Re: marked section in new HTML DTDs

Daniel W. Connolly (connolly@hal.com)
Sun, 25 Sep 94 11:56:14 EDT

In message <199409241753.KAA17065@rock>, Terry Allen writes:
>I've been working out the combinations of marked sections in Dan's
>set of 3 new DTDs, which leads to a discussion of Recommended
>and Deprecated features. All aboard!
>
>In html.dtd:
>
> - HTML.Recommended excludes HTML.Deprecated, so there are only
> two branches there (assuming that only HTML.Recommended
> is to be switched; otherwise you could switch them both
> off and have three branches).

The idea is that there are three branches: you can validate that your
document is standard html, or by setting HTML.Deprecated to "IGNORE,"
you can validate that your document uses no deprecated idioms, or by
setting HTML.Recommended to "INCLUDE" you can validate that your
document uses only recommended idioms.

I have had comments from at least two HTML editor implementors that
said they liked having the HTML.Recommended distinction. I think
it's useful.

> - HTML.Forms is set to INCLUDE, and is to be switched by use
> of html-1.dtd, whose sole purpose is to switch it off.

Yes: the only difference between level 1 and level 2 is forms.

> (It also defines an %html; parameter entity that is unused
> elsewhere but whose value, "-//IETF//DTD HTML//EN//2.0",
> matches the value of %HTML.Version in html.dtd. It appears
> that this is supposed to invoke the html.dtd, but the FPIs
> need synchronization.

They seem to be perfectly in sync to me:

connolly@austin2 ../html-spec[505] grep -n 'DTD HTML//' html-1.dtd html.dtd
html-1.dtd:29:<!ENTITY % html PUBLIC "-//IETF//DTD HTML//EN//2.0">
html.dtd:14: "-//IETF//DTD HTML//EN//2.0"

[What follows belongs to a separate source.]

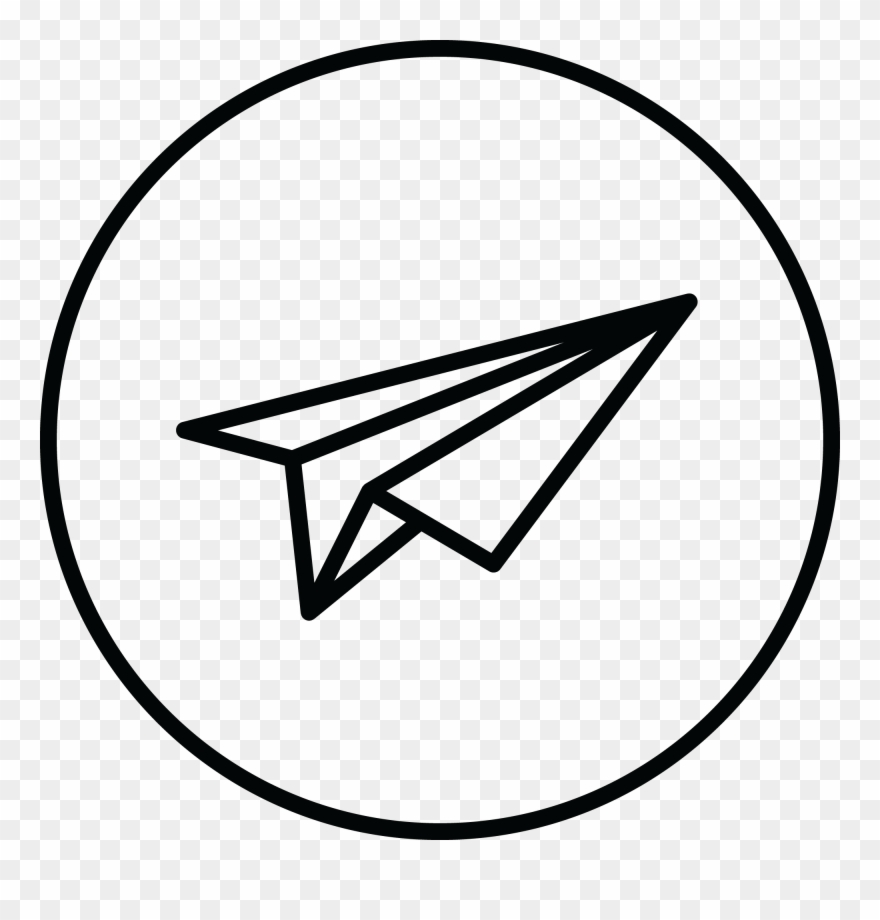 Lightweight - Line Art Clipart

> - HTML.Highlighting is set to INCLUDE, but is not toggled anywhere
> else.

Except for:
html-0.dtd:30:<!ENTITY % HTML.Highlighting "IGNORE">

The DTD Reference makes the distinctions pretty clear. There
are no B, I, EM, STRONG, etc. elements in the level 0 reference
at:
http://www.hal.com/users/connolly/html-spec/L0index.html

> Is this entity
> needed? was it meant to be toggled in html-0.dtd?

I think so, and yes.

> You
> can't set it to IGNORE, or you lose much of the inline
> markup; in Highlighting.html it says that the ability
> to render this highlighting is a Level 1 requirement.

That's exactly the point. Level 0 has no inline markup.

> However, html-0.dtd does not appear to invoke either of
> the other DTDs, and includes IMG,

Did you get some funky version of html-0.dtd? It's right there:

38 <!ENTITY % html PUBLIC "-//IETF//DTD HTML//EN//2.0">
39 %html;

The version is $Id: html-0.dtd,v 1.7 1994/07/20 16:24:27 connolly Exp $

> which Specification.html
> says is not required in Level 0.

A bug in the prose (unless we decide otherwise ;-)

> The sole difference here
> seems to be that ALT is required in Level 0 and not in
> the other Levels. This has been questioned, with good
> reason.
>
> Eventually we want to require ALT so as to aid the text-
> impaired, but there must be scads of docs that don't
> have it now

So they're not level 0 documents. That's the point.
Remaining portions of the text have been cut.